We started at Collins Quarter, which once upon a time used to be Doc Martins. One way or another there's been a bar there for 15 years or more. It's a great venue, a front bar that opens out into a broad courtyard serviced by the back bar and a cosy area upstairs from it. Back in the day when it was Docs tradition was every Friday night they would barbecue sausages in the courtyard for patrons to eat in slices of fresh bread. It was one of my regular haunts at one stage - when I worked at Vic Super and Shell - and I had many a hot snag on a sultry and decadent Friday night.
I was a younger man then, though, I guess, haven't really changed that much since - maybe I'm a little less wild. I've been to both incarnations of the bar many times over the years and remembering that standing there on Friday night it suddenly struck me that was the venue I'd 'picked up' more successfully than any other. That was definitive, but thinking back it seemed pretty likely.
Back in the day I recall many a depraved evening shared with similar minded people. You're young and pretty, you have booze in your system, lust in your heart and the sky seems a pretty inadequate limit. I had forgotten most of it, but much came back: pashing with girls I knew, or girls I didn't. Ardent, innuendo laden flirtation that flared often into insistent passion. Man, I felt awfully nostalgic remembering. I reckon I picked maybe 6-8 girls from there over the years and took them home.
We went to dinner afterwards.
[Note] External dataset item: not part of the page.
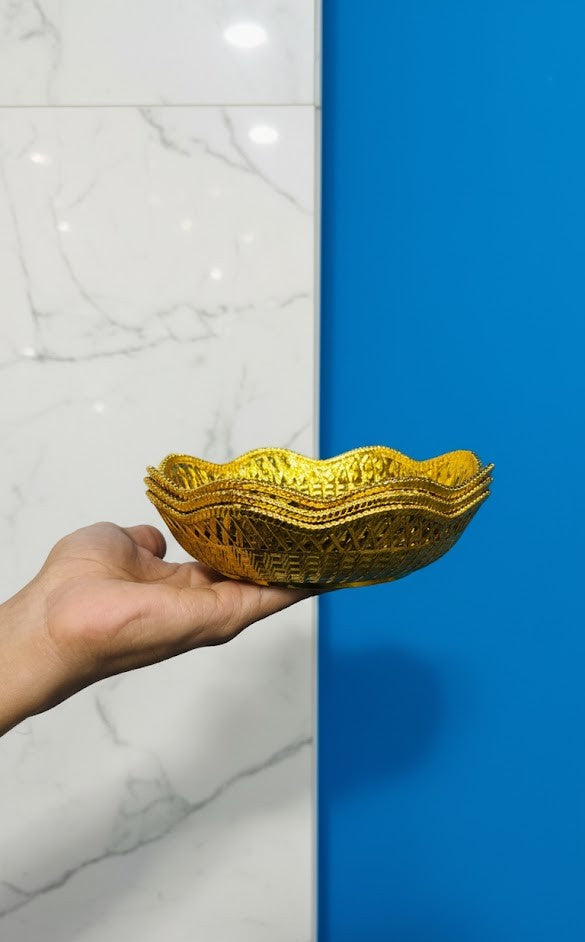 3 piece Golden Colour Designer Katori For Dry Fruit & Bhog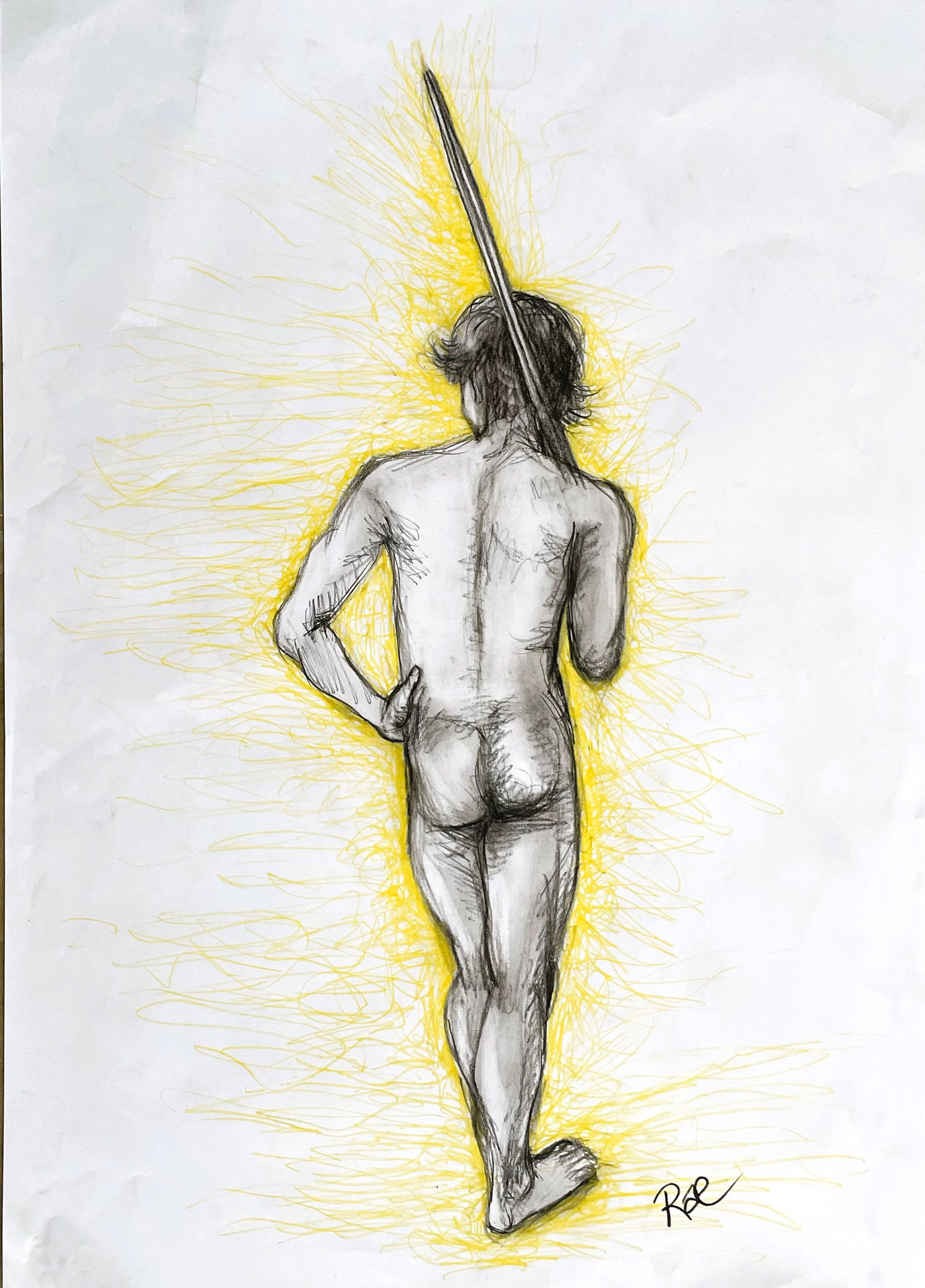 “Sunday Swagger” by Rachel Lachat (2023)
---
Charcoal and Pastel on Paper - cm x cm - Framed Original Artwork AU$150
We went to another similarly full of nostalgic memory for me: Lucattini's.
I must have first gone to Lucattini's 25 years ago. It would have been with dad and his wife, a favourite restaurant of theirs. I remember a waiter and a short, round waiter, both Italian, both a lot of fun. Over the years I've been back many times, but often with a big break in between. At some point the fat waiter disappeared; now the tall waiter has similarly gone: 25 years is a long time.
The restaurant is at the end of a small laneway off Little Bourke street. It's unpretentious, but comfortable. The food is fine without being exceptional. In truth it's not as good as it used to be, but it remains one of those Italian family restaurants that engender loyalty and fond memories in its patrons.
The meal we had was fine. At the end of it Cheeseboy and I both asked for the Zabaglione. It's not on the memory, but I've always had it there, and we two once had a splendid night there topped off by the delicious dessert.
Of course said the waiter, and soon we were both eating from parfait glasses the warm, liquid, Marsala laden custard. We went to pay and he waved us off - it wasn't on the menu after all - but we tipped him $20 nonetheless. Worth every cent.